»»

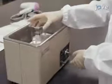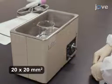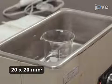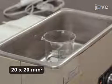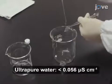To begin this procedure, pre-clean a glass substrate through ultrasonic treatments using an ultrasonic cleaner containing 1 molar aqueous sodium hydroxide for 30 minutes. When finished, rinse the substrate with 5 to 10 milliliters of ultrapure water.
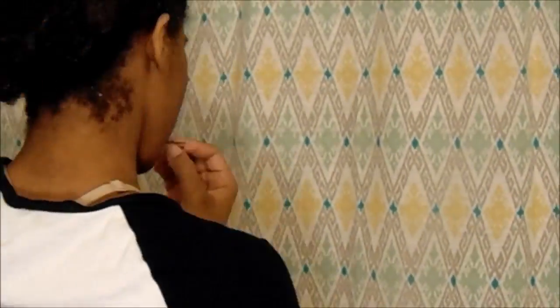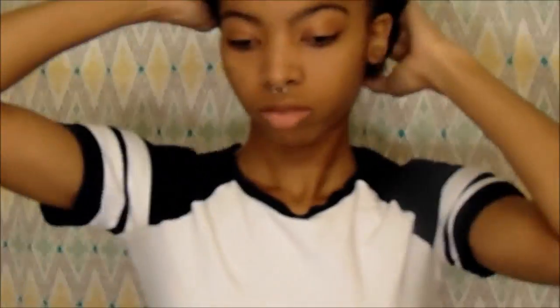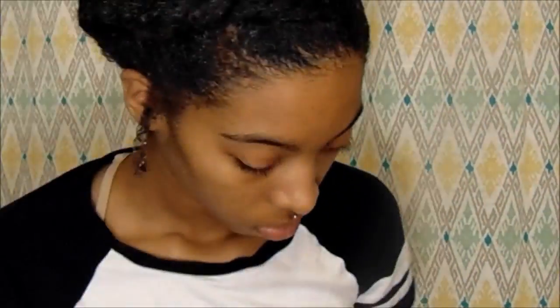I felt like my bigger twist was a lot looser, so I ended up adding more bobby pins off camera. When I'm all done with the twist, I just get my scarf and tie it around my edges so they can be laid.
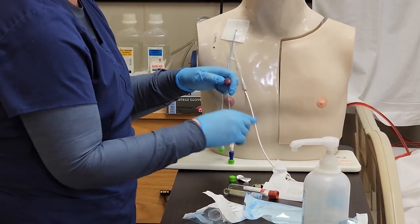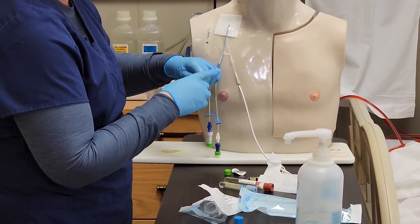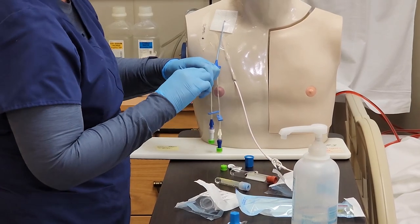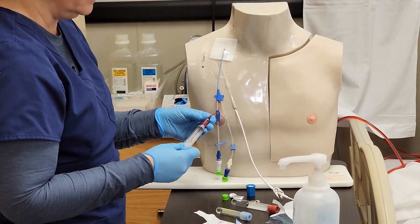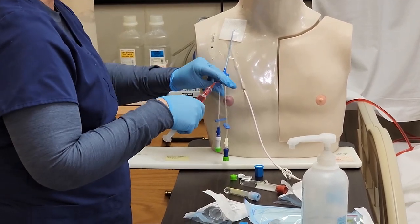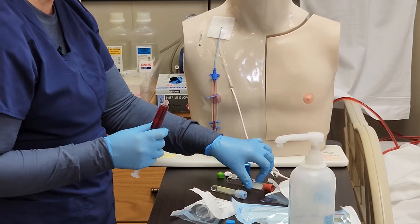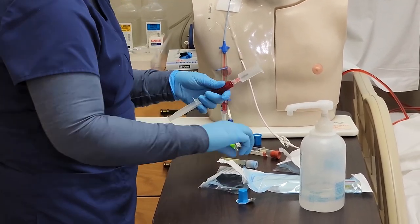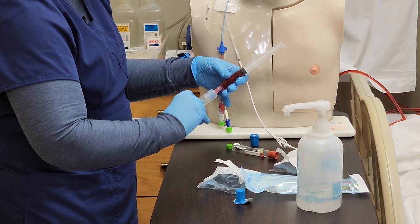The lumen is clamped and now I'm going to disinfect for at least five seconds. Now I'm ready to withdraw the blood sample. I take a sterile 10 cc syringe, attach it using non-touch technique, unclamp, and withdraw the amount of blood I need for my sample. When I have obtained the blood I need, I clamp again and transfer the blood into my blood collection tubes as soon as possible.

««

WHAT NEEDS TO BE DONE:
Give back, unaltered, each line of the listing from the first to the line that contains "I felt like", leaving every picture out.

YOUR SOLUTION:
To begin this procedure, pre-clean a glass substrate through ultrasonic treatments using an ultrasonic cleaner containing 1 molar aqueous sodium hydroxide for 30 minutes. When finished, rinse the substrate with 5 to 10 milliliters of ultrapure water.
I felt like my bigger twist was a lot looser, so I ended up adding more bobby pins off camera. When I'm all done with the twist, I just get my scarf and tie it around my edges so they can be laid.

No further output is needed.